WHAT IS EXPECTED =>
Copy each line of the data below exactly, leaving out pictures.

INFORMATION SUPPLIED =>
Start of Block

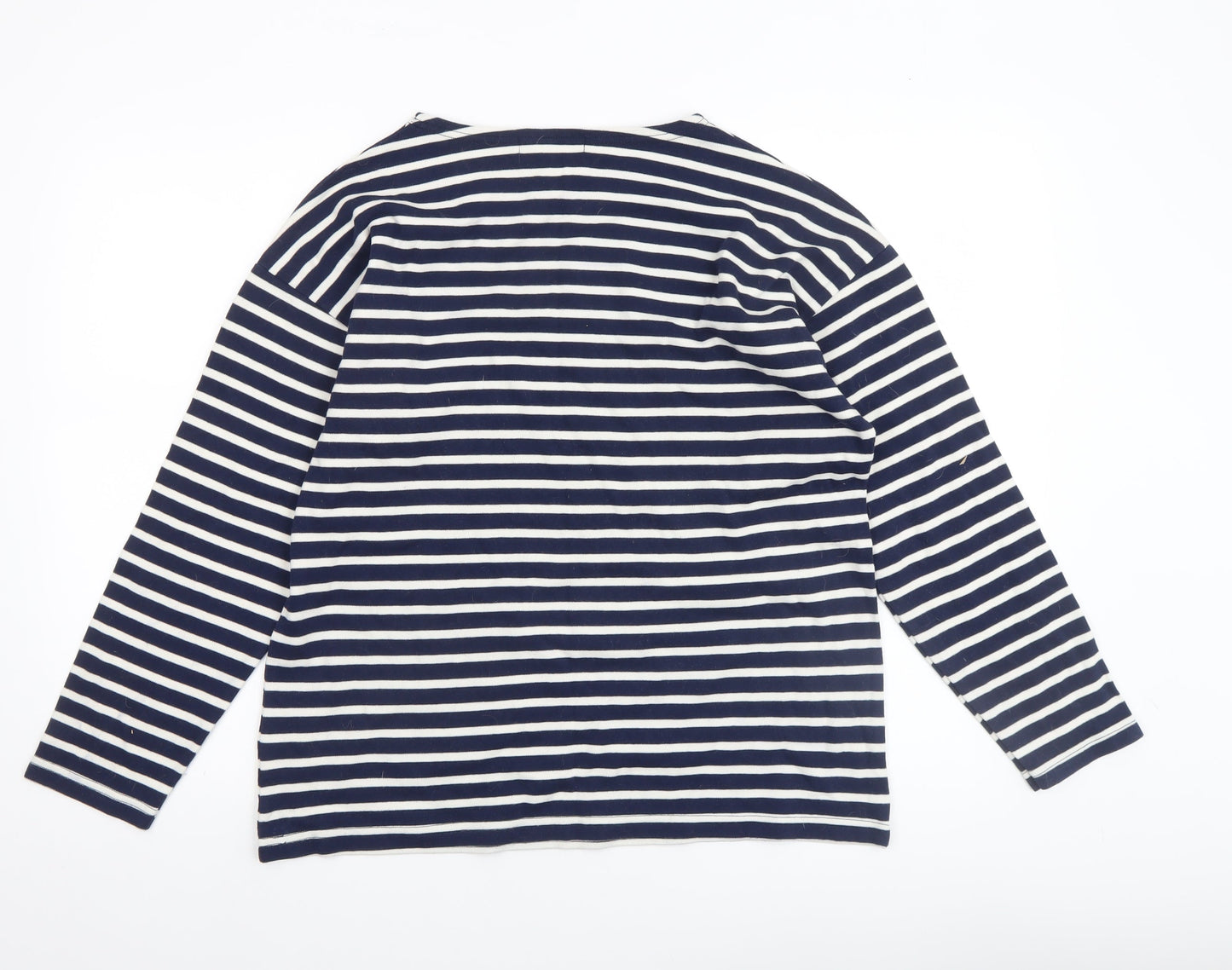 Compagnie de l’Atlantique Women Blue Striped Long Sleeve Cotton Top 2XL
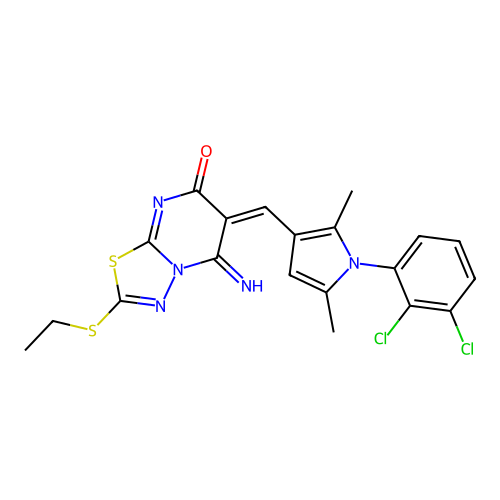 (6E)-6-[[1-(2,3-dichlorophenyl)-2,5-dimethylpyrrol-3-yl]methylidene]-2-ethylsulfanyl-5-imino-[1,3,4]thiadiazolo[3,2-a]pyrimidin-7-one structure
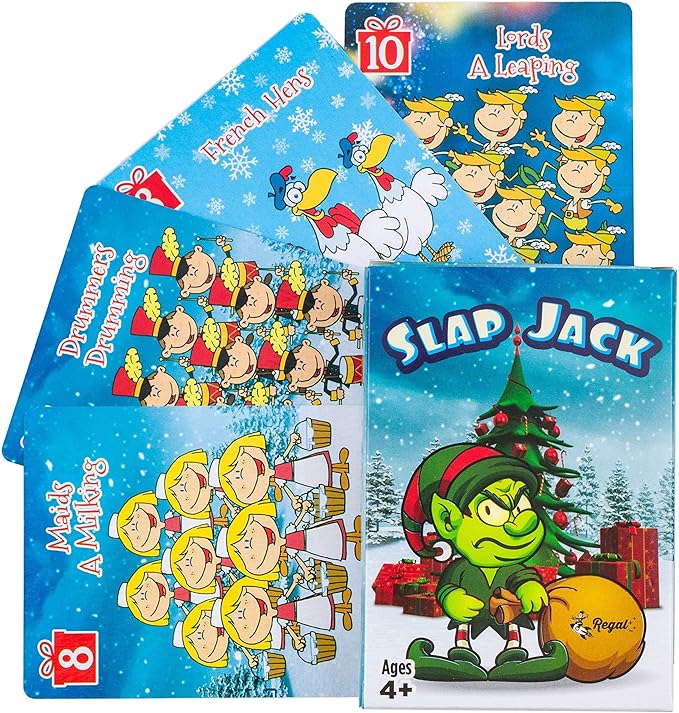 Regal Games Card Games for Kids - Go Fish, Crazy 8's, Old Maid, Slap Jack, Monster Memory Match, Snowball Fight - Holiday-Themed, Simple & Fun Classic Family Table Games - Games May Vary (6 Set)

End of Block

ANSWER BOX =>
 Compagnie de l’Atlantique Women Blue Striped Long Sleeve Cotton Top 2XL
 (6E)-6-[[1-(2,3-dichlorophenyl)-2,5-dimethylpyrrol-3-yl]methylidene]-2-ethylsulfanyl-5-imino-[1,3,4]thiadiazolo[3,2-a]pyrimidin-7-one structure
 Regal Games Card Games for Kids - Go Fish, Crazy 8's, Old Maid, Slap Jack, Monster Memory Match, Snowball Fight - Holiday-Themed, Simple & Fun Classic Family Table Games - Games May Vary (6 Set)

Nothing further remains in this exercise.